Just four years ago, the youngster was working in a sports equipment store. Now he is earning over €100,000 a year thanks to online ventures, and is free to travel the world

Pau Ninja
Pau Ninja, who earns a six-figure sum while barely having to work.

In June 2014, Pau Ninja was working at a Decathlon sports equipment store. He was 23 and had two major objectives: earning enough money to not have to work anymore, and spending all his time traveling. Fast forward just three years and he had found an alternative to his job: he was earning six figures a year, he didn’t have to turn up to a place of work, and since 2016 he has managed to spend 18 months abroad.

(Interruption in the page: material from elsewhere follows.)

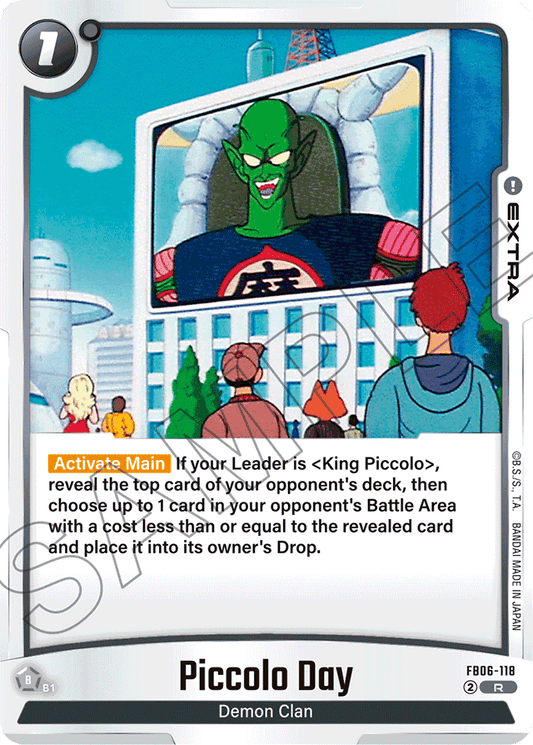 Piccolo Day - Rivals Clash - Rare - FB06-118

Pau took a vocational training course, but it was at home, using online tutorials, where he really learned about the internet. Ninja is not, of course, his real surname – he picked it because the domain “Pau Ninja” was available.

While he was working at Decathlon, he spent months looking for a niche from which he could make money online. He chose affiliate marketing: websites that recommend products – whether these be coffee machines, watches, skinny jeans, or whatever – and offer links to online stores where you can buy them. If anyone makes a purchase after having arrived at the store from your website, you earn a commission of between 3 and 10% of the product value. The key to success in this field is not the quality of your recommendations, but rather ensuring your website comes out on top when someone googles a term such as “cheap blenders.”

Pau took a vocational training course, but it was at home, using tutorials, where he really learned about the internet

The trick of appearing at the top of search results is a combination of acceptable content, being linked to by popular pages, and frequent updates. Romuald Fons, an expert in search engine optimization (SEO), explains how this was once a secretive world. “SEO was once a very dark territory,” he explains. “People who made a living from this didn’t talk about it.”

Fons took a different approach, and now has the two SEO channels on YouTube with the highest number of followers in the world. “The value comes from positioning the product, not creating the content,” he explains. At Awin, the affiliate marketing platform that Pau Ninja uses, they say that the biggest sectors are fashion, beauty, electronics, travel and pet stores.

Pau Ninja identified several sectors that in 2015 had scant competition. He currently has 13 websites – at one point he had 63 – of which just six are affiliates that earn him money. In 2017, he sold four sites featuring tablets and cellphones because they required too much work to update.

When he started out, Pau would get up early every morning, make a cup of coffee and sit down at his computer. He would make a number of posts and open up new websites for other products. He would then look at his account: €0. “Until one day I got up and I’d earned €2.50. I was jumping around the room for joy at 7am,” he explains. Before long he was earning €1,000 a month – more than at Decathlon.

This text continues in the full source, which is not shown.